This passage is from Jason Baird Jackson's blog:
"Last year, did you get paid nothing to work hard for a multinational corporation with reported revenues of over 1 billion dollars in 2008? 
If you have (1) done peer-reviews for, (2) submitted an article to, (3) written a book or media review for, or (4) taken on the editorship of a scholarly journal published by giant firms such as Springer, Reed Elisevier, or Wiley, then you belong to a very large group of very well-educated people whose unpaid labor has helped make these firms very profitable. Their profitability in turn has positioned them to work vigorously against the interests of (1) university presses and other not-for-profit publishers in the public interest, (2) libraries at all levels, (3) university and college students, (4) scholars themselves, and (5) particular and general publics with a need to consult the scholarly record.I am not willing to freely give my labor to large multinational corporations whose interests align with their shareholders but that are antagonistic to my own."

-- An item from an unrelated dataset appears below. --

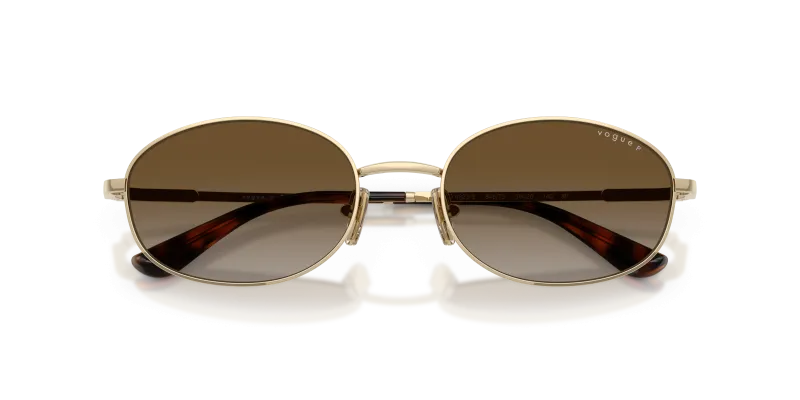 แว่นกันแดด Vogue VO4323S-848/T5 close-up ด้านหน้า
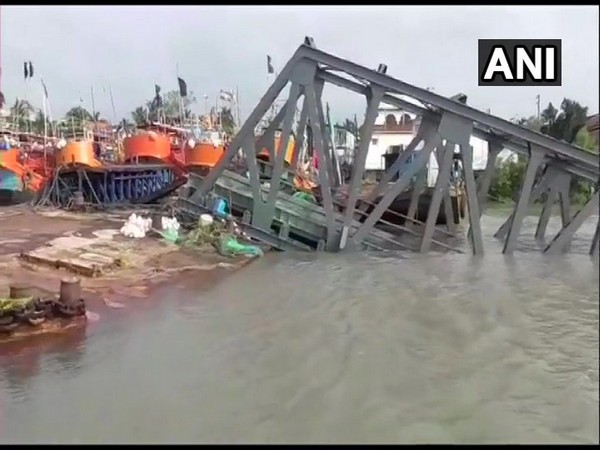 A visual of collapsed jetties at Hatania Doania river. (Photo/ANI)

You can read the whole thing here.
Jackson urges scholars like you and me to take these five steps:
- "Choose not to submit scholarly journal articles or other works to publications owned by for-profit firms.
- Say no, when asked to undertake peer-review work on a book or article manuscript that has been submitted for publication by a for-profit publisher or a journal under the control of a commercial publisher.
- Do not seek or accept the editorship of a journal owned or under the control of a commercial publisher.
- Do not take on the role of series editor for a book series being published by a for-profit publisher.
- Turn down invitations to join the editorial boards of commercially published journals or book series."
*** NEVERTHELESS *** I am now editing my initial post here, curbing my enthusiasm somewhat, and arguing that readers should consult Steven Harnad's comment below. While I can feel indignant about commercial publishers, what is really needed is the development of institutional repositories by universities and professional organizations. We need to post our publications on the internet, and then it matters much less what happens to commercial publishers or OA journals. The key point is to make our scholarly output available on the internet, and it is much easier and faster to post one's publications than to wait around for big corporations to change their ways to please scholars.